What had been almost entirely a moral issue became the focus of discussions concerning sexual ethics. Although few physicians had any specialized knowledge of human sexuality and behavior outside the treatment of sexually transmitted diseases, physicians were viewed as authorities in the infant field of sexology. Discussions of sexuality gave rise to the first programs of public and private sex education as well as new classifications and documentation of sexual behaviors. Samuel Tissot's published 1760 warning against masturbation, in order to prevent "masturbatory insanity," became a dominant theme in adolescent sex education.
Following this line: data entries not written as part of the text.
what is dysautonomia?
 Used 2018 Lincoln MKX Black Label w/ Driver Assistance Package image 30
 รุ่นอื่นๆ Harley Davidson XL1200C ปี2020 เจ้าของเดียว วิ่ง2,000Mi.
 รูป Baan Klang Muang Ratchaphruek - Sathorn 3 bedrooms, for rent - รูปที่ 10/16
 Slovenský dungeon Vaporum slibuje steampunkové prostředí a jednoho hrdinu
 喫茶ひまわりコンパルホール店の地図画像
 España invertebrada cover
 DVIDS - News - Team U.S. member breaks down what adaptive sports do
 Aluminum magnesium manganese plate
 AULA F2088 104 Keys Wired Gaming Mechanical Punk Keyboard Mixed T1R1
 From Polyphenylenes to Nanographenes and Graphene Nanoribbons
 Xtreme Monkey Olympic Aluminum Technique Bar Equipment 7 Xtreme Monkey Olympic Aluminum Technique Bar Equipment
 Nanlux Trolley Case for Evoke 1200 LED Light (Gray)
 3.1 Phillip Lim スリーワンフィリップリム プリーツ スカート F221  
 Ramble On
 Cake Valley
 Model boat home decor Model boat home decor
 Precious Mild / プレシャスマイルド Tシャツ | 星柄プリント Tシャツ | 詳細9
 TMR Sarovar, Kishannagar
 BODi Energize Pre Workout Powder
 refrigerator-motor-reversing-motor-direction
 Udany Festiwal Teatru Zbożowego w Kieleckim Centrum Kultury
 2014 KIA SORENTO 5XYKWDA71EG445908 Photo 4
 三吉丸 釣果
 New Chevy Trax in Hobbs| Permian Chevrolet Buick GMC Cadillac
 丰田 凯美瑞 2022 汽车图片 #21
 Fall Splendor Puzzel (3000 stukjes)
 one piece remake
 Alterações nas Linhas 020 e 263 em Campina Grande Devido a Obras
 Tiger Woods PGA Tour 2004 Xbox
By the nineteenth century, the medical view of sexual behavior was expanded to include sexual behaviors classified as mental diseases. Heinrich Kaan's Psychopathia sexualis (1843) introduced the concept of deviance, behavior that diverges from the accepted norm, and perversion, behavior caused by a determination not to do that which is expected, both regarded as functions of mental illness. Less than 30 years later, as a result of the publication of case histories by prominent psychiatrists, homosexuality became viewed by the medical community—and, therefore, by society—as a mental illness.
In 1873 Anthony Comstock (1844-1915) lead a campaign to regulate sexual behavior, resulting in the passage of the Comstock Laws, which further limited sexual freedom, particularly that of women.